The bill includes a 13-week extension of unemployment benefits, $2.6 billion to address Midwest flooding, and $63 billion to fund college tuition for Iraq and Afghanistan war veterans. The White House backed off its demand that Democrats remove from the supplemental funding for domestic issues. The Democratic leadership in turn told the White House that they would not attach conditions or timetables to the final legislation, aides to Democratic leaders said.
Since Democrats took control of Congress they have failed at every instance in standing up to White House demands that they provide emergency funding for the occupation of Iraq without conditions such as benchmarks calling for a timetable to withdraw troops.
Moreover, Democrats have failed to rein in the Bush administration’s use of emergency supplemental appropriations, despite repeated warnings to do so, to fund the five-year-old war in Iraq and the seven-year conflict in Afghanistan may have wasted billions of taxpayer dollars, according to the CRS, an investigative arm of Congress.
“Over 90 percent of [the Defense Department] funds were provided as emergency funds in supplemental or additional appropriations; the remainder were provided in regular defense bills or in transfers from regular appropriations,” said the CRS report, issued in February.
“Emergency funding is exempt from ceilings applying to discretionary spending in Congress’s annual budget resolutions.
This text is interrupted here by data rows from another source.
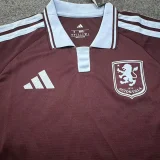 25-26 Aston Villa Brown Red Special Edition Fans Soccer Jersey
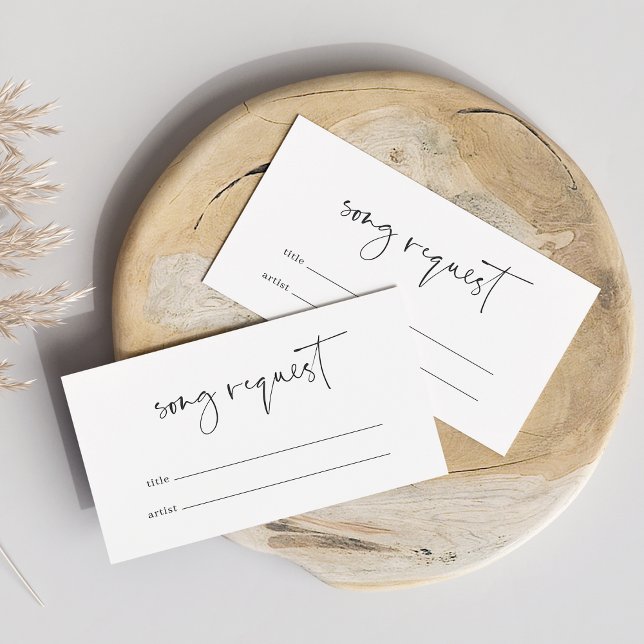 Begäran om modern minimalistisk vigselföreläsnings tilläggskort (Skapare uppladdad)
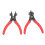 2pcs Adjustable Snap Ring Pliers Set for Vehicles, Internal & External 1
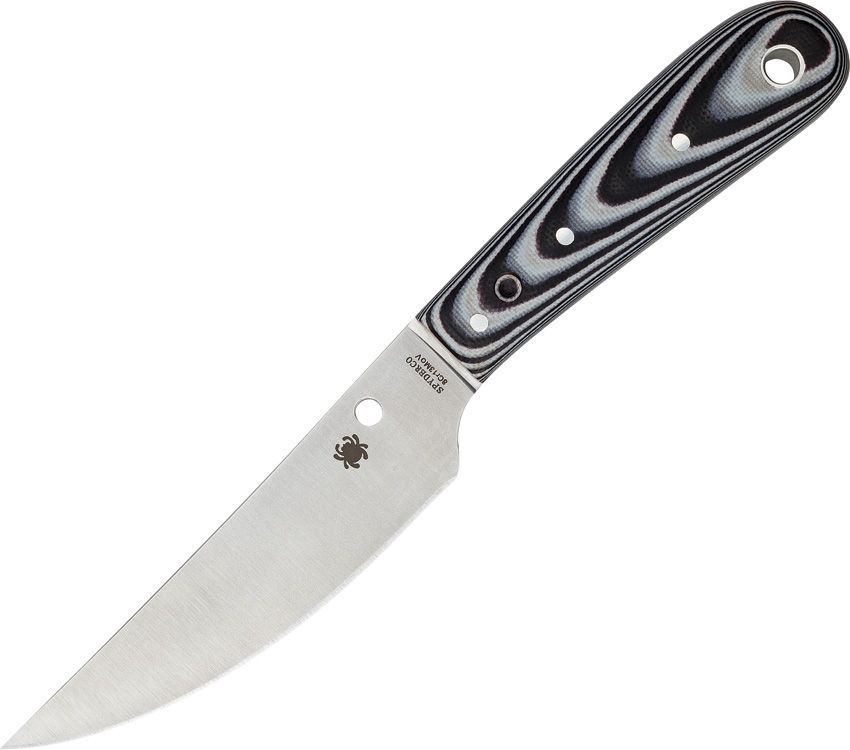 Spyderco Bow River 4.36" 8Cr13MoV Black/Gray G10 Fixed Blade Knife FB46GP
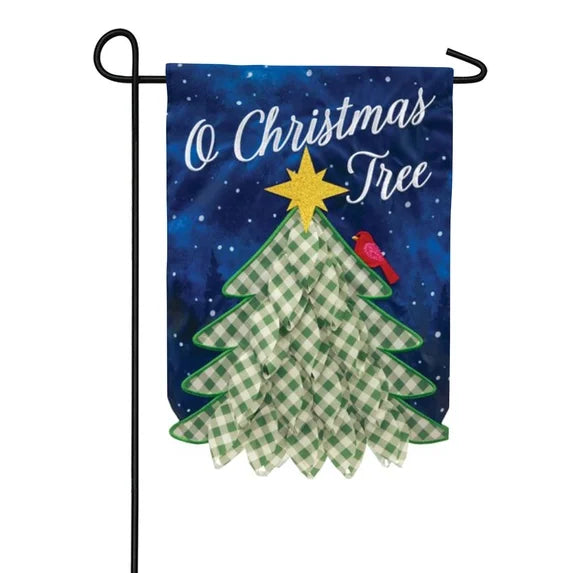 O Christmas Tree Garden Flag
Some Members have argued that continuing to fund ongoing operations in supplementals reduces congressional oversight.”
Veronique de Rugy, a senior research fellow and budget scholar at the Mercatus Center at George Mason University, said funding the Iraq and Afghanistan wars through emergency legislation is both unusual and troubling because it complicates tracking the real cost.
“While other wars have initially been funded using emergency supplementals, they have quickly been incorporated into the regular budget,” de Rugy said. “Never before has emergency supplemental spending been used to fund an entire war and over the course of so many years.”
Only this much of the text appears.